Qual a melhor dieta para resistência à insulina?

Texto original de Lissandra Bischoff

Qual a melhor dieta para quem tem resistência à insulina?
Já que sabemos que uma dieta com baixo de teor de carboidratos dá melhores resultados e pode, inclusive reverter quadros de resistência à insulina, pré diabetes e diabetes tipo 2. Mas quão baixo deve ser esse teor de carboidratos? Essa é uma dúvida recorrente. Então vamos tentar analisar.
Aqui (http://www.marksdailyapple.com/25-ways-to-improve-your-insulin-sensitivity/) Mark Sisson fala a respeito de 25 maneiras de melhorar sua resistência à insulina, entre elas:
“Tenha uma alimentação com baixo teor de carboidratos, mas não muito baixo.
Hã? Reduzir o carboidrato não é o melhor e mais eficaz caminho para a sensibilidade à insulina? Parcialmente, porque muitas vezes é a maneira mais fácil de perder peso. A redução de carboidratos pode e geralmente melhora a sensibilidade à insulina. Mas quando você está se alimentado com uma dieta muita baixa em carboidratos (very low carb – cetogênica), baixa o suficiente para começar a depender principalmente de cetonas e ácidos graxos livres para energia, seus tecidos periféricos entram em um estado de resistência à insulina para preservar a glicose para as partes do cérebro que a demandam. Isso é normal, e enquanto você não estiver comendo uma dieta rica em gordura e alta em carboidratos, essa resistência fisiológica à insulina não deve prejudicar.”

Esse post do Mark Sisson teve repercussão e muitas pessoas ficaram com dúvidas a respeito, que ele respondeu da seguinte forma:
“Muitos de vocês me escreveram perguntando sobre os efeitos da dieta com baixo teor de carboidratos na sensibilidade à insulina e me perguntando se você deveria começar a comer mais carboidratos para contorná-la.
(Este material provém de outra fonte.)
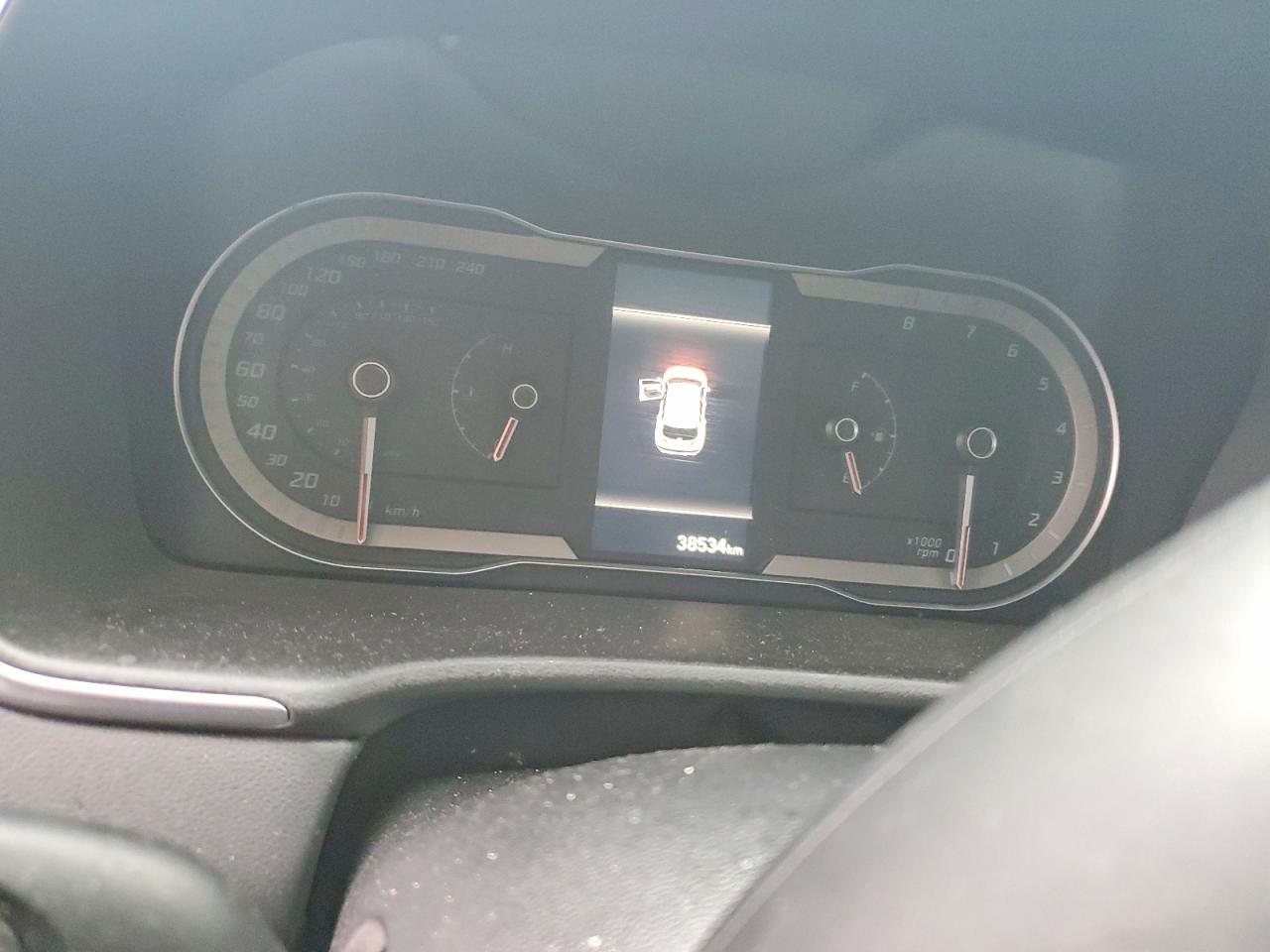 2024 HYUNDAI TUCSON SEL photo 17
Bem, talvez, mas há uma forma certa e uma forma errada de comer carboidratos se você estiver numa dieta low carb. A forma errada é simplesmente adicionar uma tonelada de carboidratos ao seu seu plano alimentar primal, sem alterar qualquer outra coisa. Fazer isso, especialmente se for pra sempre, provavelmente o levará a ganho de peso, a ter hiperinsulinemia e ainda mais resistência à insulina. Muito ruim.”
Mas então, qual a faixa ideal de consumo de carboidratos no caso de resistência à insulina?
Neste post o dr. Souto explica o fenômeno da resistência à insulina fisiológica e dá a opinião quanto a isso, com a qual eu concordo:
“Não sei - e penso que ninguém sabe - qual a melhor estratégia no longo prazo (décadas) para reduzir a resistência à insulina, mas penso que não seria uma dieta cetogênica. Vejo uma dieta cetogênica mais como uma intervenção terapêutica para emagrecimento e controle de síndrome metabólica. Minha impressão é a de que, no longo prazo, o ideal seja uma dieta paleo low carb, com até 100g de carboidratos (páleo) por dia - na qual a quantidade de FFA circulantes diminuiria, assim como a necessidade de gliconeogênese, mas os níveis de insulina ainda permaneceriam baixos - o melhor de dois mundos.”
A dieta cetogênica é uma intervenção terapêutica utilizada com sucesso em alguns casos específicos, conforme o dr. Souto citou.  Mas eu também não acho (e falo isso com base nas experiências individuais que eu tive) que a cetogênica seja necessária e nem que seja a melhor abordagem para os casos de resistência à insulina. Acredito que, na maior parte desses casos, uma dieta low carb (entre 50 gr e 100 gr. de carboidratos por dia) funciona muito bem. No entanto, algumas pessoas conseguem bons resultados com a dieta cetogênica, enquanto outras conseguem bons resultados com uma dieta Paleo/Primal com um pouco mais de frutas e vegetais.
A propósito disso, no podcast nr. 36, Rodrigo Polesso e Dr. Souto falaram a respeito de um estudo clínico randomizado sobre a reversão do pré diabetes:
“Esse assunto provou que é possível reverter o pré-diabetes, revertendo os níveis de tolerância de glicose no sangue para níveis normais em adultos obesos com uma dieta mais alta em proteína – em comparação com uma dieta alta em carboidrato. Nesse ensaio clínico randomizado, 24 pré-diabéticos foram recrutados (homens e mulheres). Eles deram uma dieta ‘alta em proteína’ para um grupo, que na verdade é de 30% proteína, 30% gordura e 40% carboidrato. Dá para ver que não é uma dieta muito baixa em carboidrato. O outro grupo recebeu uma dieta de 15% proteína, 30% gordura e 50% carboidrato. As dietas duraram 6 meses. O resultados foram que, com a dieta que eles chamam de ‘alta proteína’, 100% das pessoas que estavam nesse grupo reverteram o pré-diabetes. Eles voltaram a tolerar a glicose normalmente. Somente um terço do grupo de alto carboidrato conseguiu estabilizar o pré-diabetes. (...) O importante é mostrar que 100% das pessoas que fizeram essa modificação conseguiram reverter a condição do pré-diabetes. E isso foi com uma dieta que nem foi baixa em carboidratos, já que teve 40% de carboidratos.”
O dr. Souto também escreve sobre este estudo, neste post: http://www.lowcarb-paleo.com.br/2016/11/ensaio-clinico-randomizado-remissao-de.html?fref=gc. Vale a pena ler.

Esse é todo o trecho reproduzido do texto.